Ma l’Unione presieduta da Beniamino Migliucci fissa anche altre due priorità, come spiega il segretario Francesco Petrelli in apertura. La prima: «Se la riforma penitenziaria fatica a concludersi ce n’è una attuata, quella delle intercettazioni, che per un dettaglio marginale ha finito per colpire il diritto alla difesa». Le nuove norme sugli ascolti sono oggetto della seconda tavola rotonda, in cui poco dopo si confrontano tra gli altri il presidente dell’Anm Eugenio Albamonte e l’avvocato della giunta Ucpi che più ha seguito il dossier, Rinaldo Romanelli. L’altra riforma ricordata da Petrelli ( e di cui si parlerà stamattina) è «quella che ha impegnato le Camere penali nella raccolta delle firme e che mira a dare attuazione al principio del giudice terzo sancito dall’articolo 111: la separazione delle Carriere». Entrambi i temi, intercettazioni e ordinamento dei magistrati, riguardano la parità delle parti nel processo: il principio alla cui tutela saranno dedicate oggi le conclusioni di Migliucci.

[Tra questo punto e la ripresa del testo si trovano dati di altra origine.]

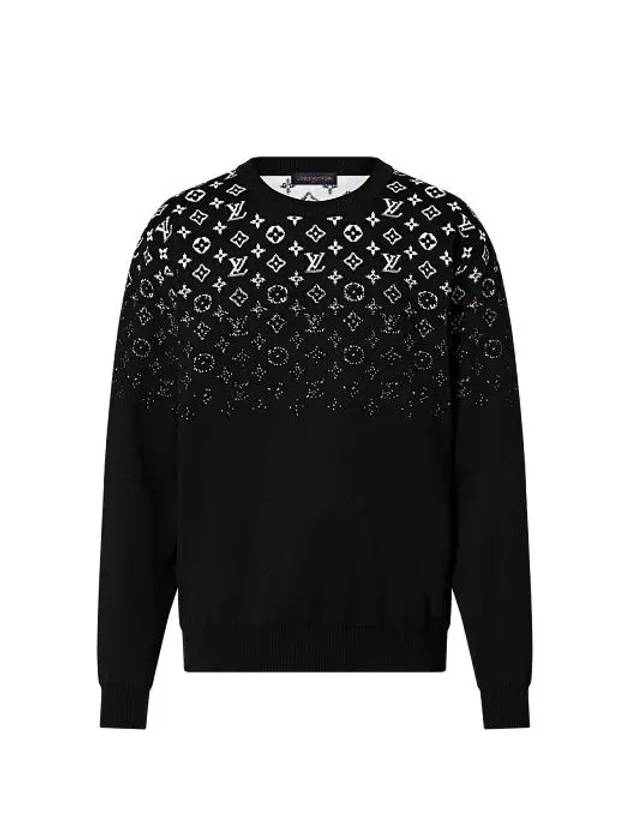 Gradient Cotton Crew Neck Knit Top Black - LOUIS VUITTON - BALAAN 2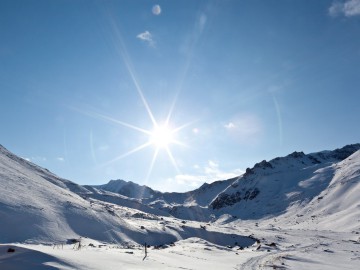 Туюк-Су альпсборы (Тянь-Шань) фото, январь 2012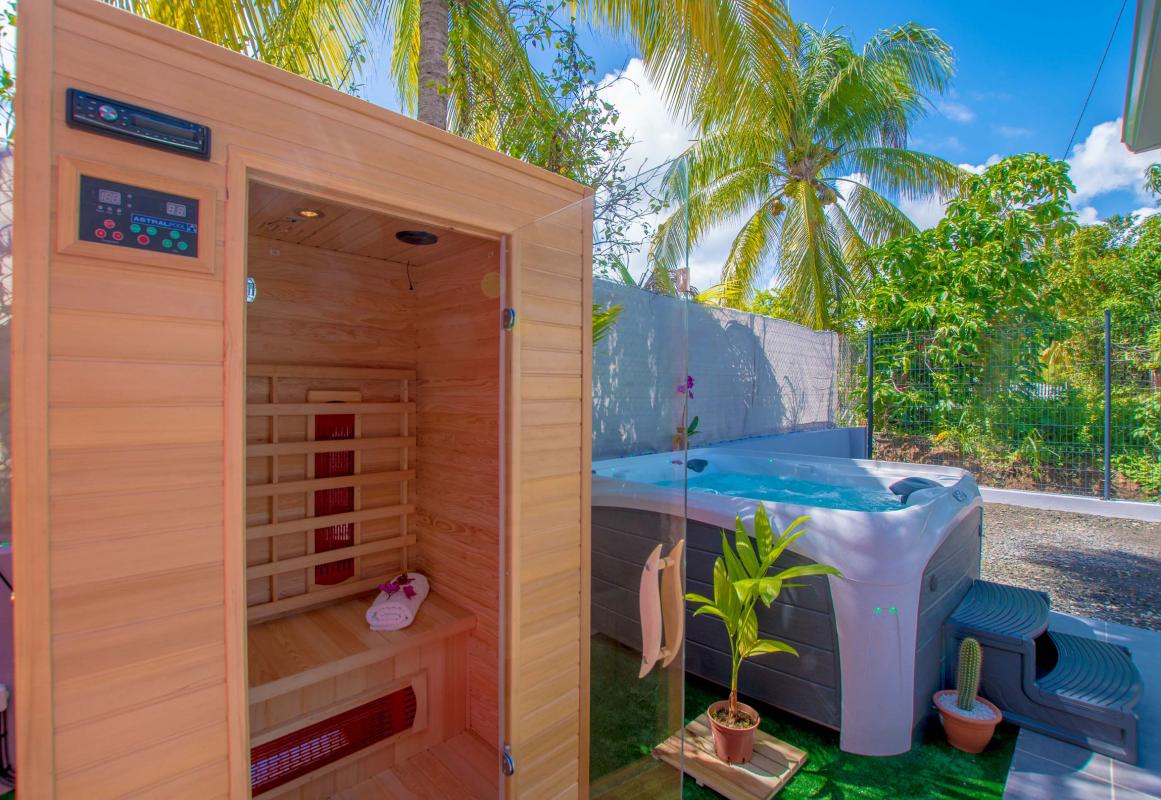 location villa martinique jaccuzzi sauna - sauna2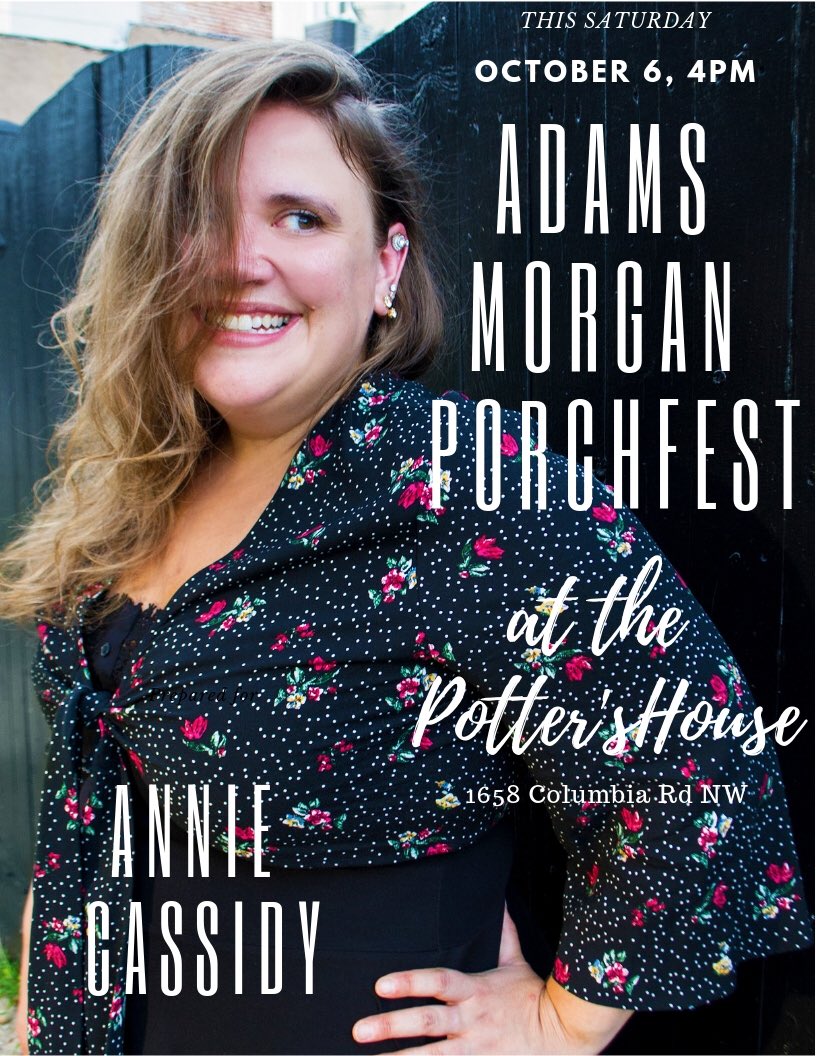 a_a_cassidy's tweet photo. Get your pumpkin spice lattes and get your butt to Adams Morgan for #basicblues this Saturday
📸: @AHighYellaBella
#AdMoPorchfest #music #adamsmorgan #dc #singersongwriter #dcfall #fall #autumnal #falseroyalties #alexalexander #basic #psl https://t.co/ZphsOt023s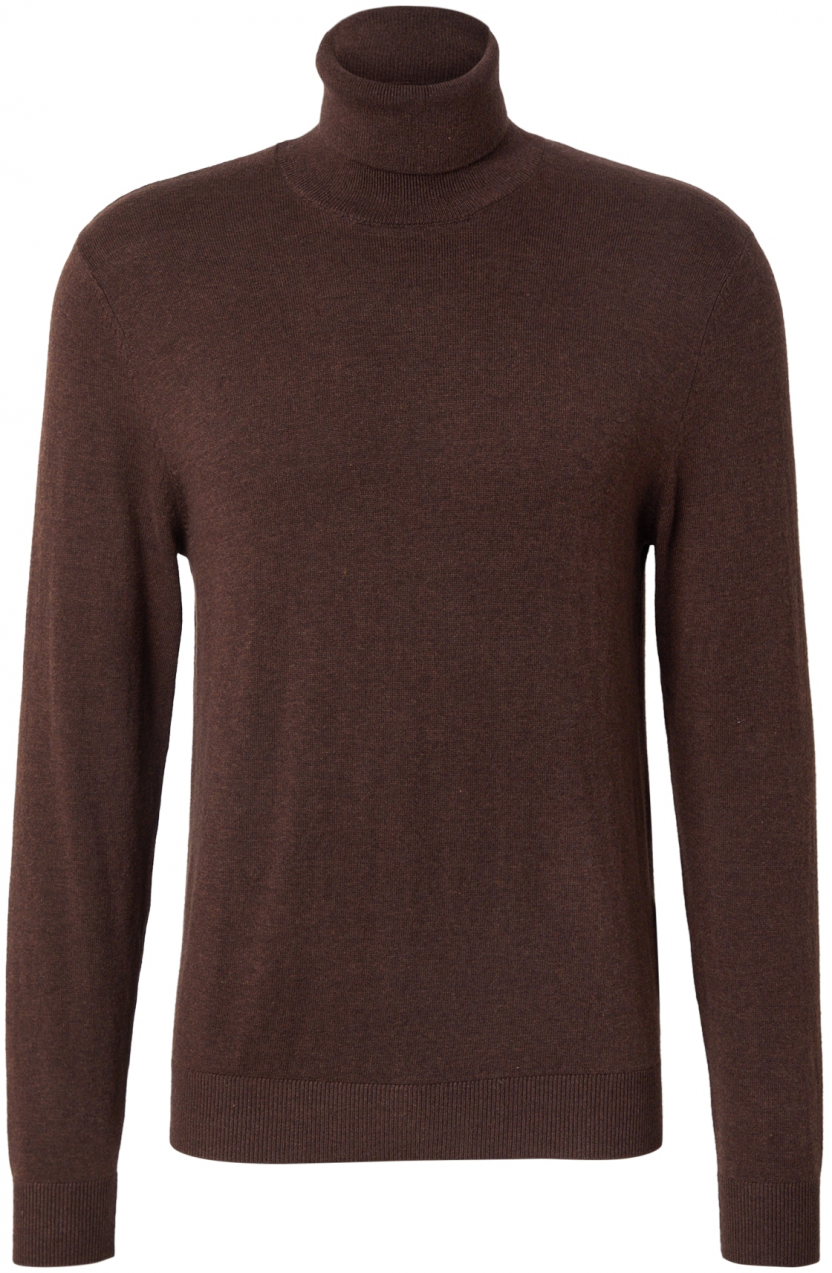 JACK & JONES Sveter 'JJEEMIL'  tmavohnedá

Spingere la politica a frequentare i territori dal consenso meno scontato: è questa la missione scelta ancora una volta dall’avvocatura. Obiettivo raggiungibile «con l’unità di tutte le componenti», come spiega il vertice dell’Ordine di Firenze Sergio Paparo: «Non c’è Andrea Mascherin ( «bloccato dalla febbre», come riferisce Migliucci nel leggere un messaggio del presidente del Cnf), ma è un dato che così come si rafforza sempre più la sinergia tra Consiglio nazionale Forense e Unione, la stessa cosa avviene nelle singole realtà fra Ordini e Camere penali: tutti uniti nel promuovere un’interlocuzione con la politica che non è solo protesta».

CASSANO CONTRO I PM

Ma il dialogo forse più prezioso sembra quello che l’avvocatura, anche qui a Firenze, consolida con i magistrati: lo testimonia la presidente della Corte d’Appello Margherita Cassano. È sua la testimonianza più forte di quanto l’impegno degli avvocati per il giusto processo sia indispensabile. Premessa: «Voi avvocati e noi magistrati possiamo condurre un lavoro congiunto: soprattutto per fare in modo che il diritto penale non sia piegato alle esigenze populistiche del momento, all’ansia di inseguire questa o quella parte di opinione pubblica». Arriva quindi un cahier de doléances che potrebbe essere sottoscritto dall’intera Ucpi: «La necessità di superare la tendenza a dare risposta ai problemi sociali attraverso nuove, continue fattispecie penali, o nuove possibili sanzioni. La pretesa», incalza Cassano, «di dover ricorrere in giudizio per la tutela di ogni tipo di interesse». Ma la presidente della Corte d’appello di Firenze sposa in pieno le tesi dell’avvocatura, in materia di riforma del processo, quando rivolge una coraggiosa critica ai propri colleghi: «È inutile parlare della prescrizione se non riflettiamo sulla vera origine del problema: il mancato rispetto dei tempi delle indagini. Non è un atto d’accusa nei confronti dei pubblici ministeri», dice Cassano, «sono stata anch’io un magistrato requirente, ma richiamo qui la sollecitazione, rivolta a tutti i magistrati del distretto di Firenze, sulla necessità che l’azione del pm sia orientata da un principio di sostenibilità». Sui tempi della prescrizione, l’avvocatura penale non è riuscita a veder accolto dal Parlamento il proprio punto di vista, e nella riforma del processo è sopravvissuta più di un’abnormità. Ma il fatto che la magistratura lo riconosca è segno che l’obiettivo di una Costituzione finalmente compiuta non è una chimera.